:: INSTRUCTIONS TO FOLLOW ::
Please repeat only the lines below starting at the line that holds "Basically, if we" and ending at the line that holds "The duty of", exactly, with both of those lines included and every picture omitted.

:: RECORDS PROVIDED ::
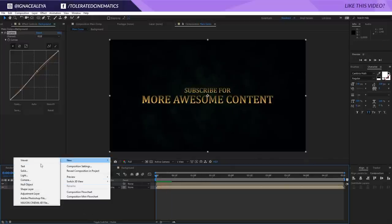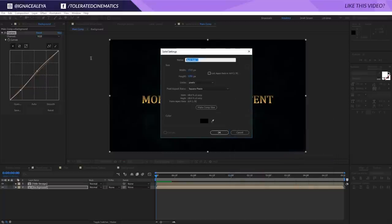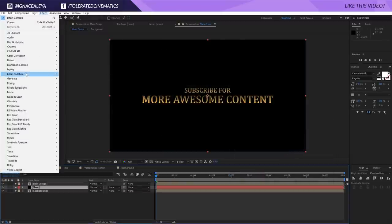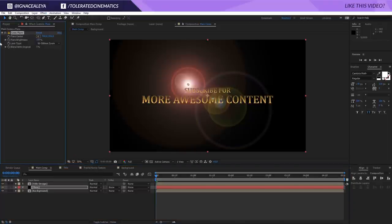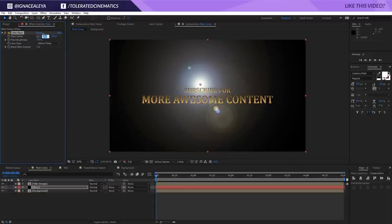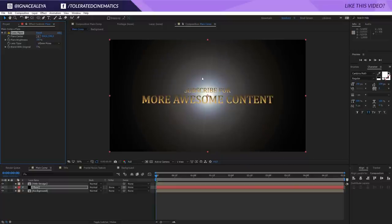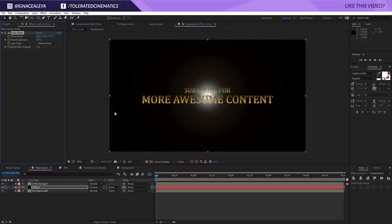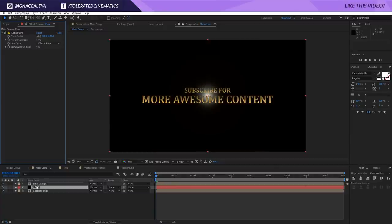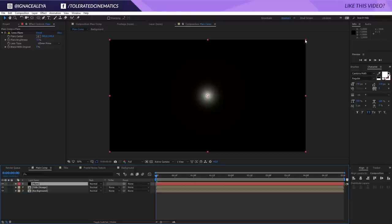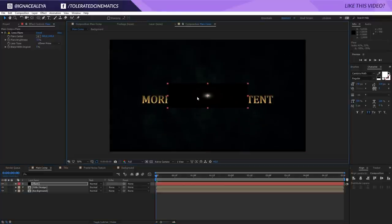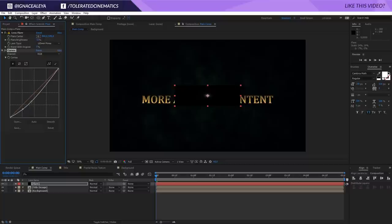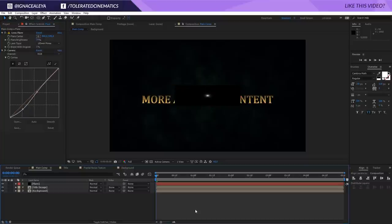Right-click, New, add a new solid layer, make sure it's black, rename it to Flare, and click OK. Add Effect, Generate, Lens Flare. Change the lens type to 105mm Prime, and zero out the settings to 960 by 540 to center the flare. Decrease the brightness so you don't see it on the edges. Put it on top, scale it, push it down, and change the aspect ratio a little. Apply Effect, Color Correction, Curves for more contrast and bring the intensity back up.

...

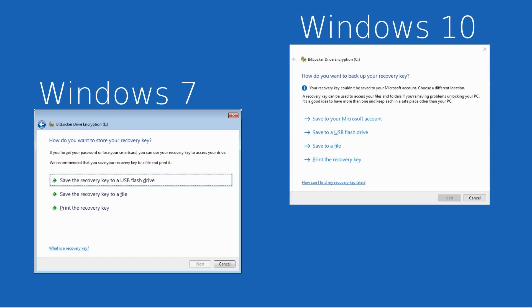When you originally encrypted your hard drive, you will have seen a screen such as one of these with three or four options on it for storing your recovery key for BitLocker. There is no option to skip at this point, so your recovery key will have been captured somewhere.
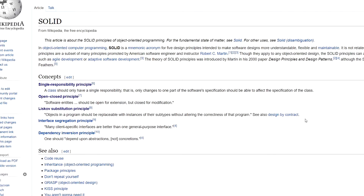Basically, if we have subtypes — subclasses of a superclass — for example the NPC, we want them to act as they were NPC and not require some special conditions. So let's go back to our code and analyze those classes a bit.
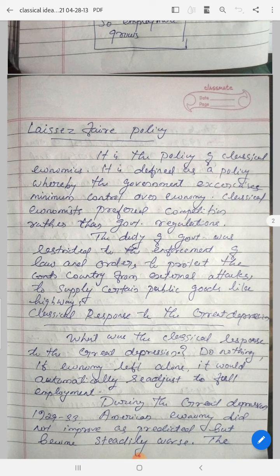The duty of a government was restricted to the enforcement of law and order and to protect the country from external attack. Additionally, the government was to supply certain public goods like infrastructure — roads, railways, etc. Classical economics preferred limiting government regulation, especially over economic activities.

...

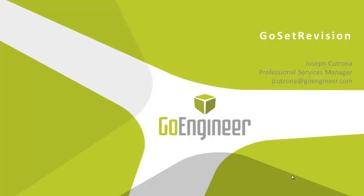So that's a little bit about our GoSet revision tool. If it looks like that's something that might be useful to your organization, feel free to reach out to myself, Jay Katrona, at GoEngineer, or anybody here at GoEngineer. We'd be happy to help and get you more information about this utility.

:: ANSWER SPACE ::
Basically, if we have subtypes — subclasses of a superclass — for example the NPC, we want them to act as they were NPC and not require some special conditions. So let's go back to our code and analyze those classes a bit.
The duty of a government was restricted to the enforcement of law and order and to protect the country from external attack. Additionally, the government was to supply certain public goods like infrastructure — roads, railways, etc. Classical economics preferred limiting government regulation, especially over economic activities.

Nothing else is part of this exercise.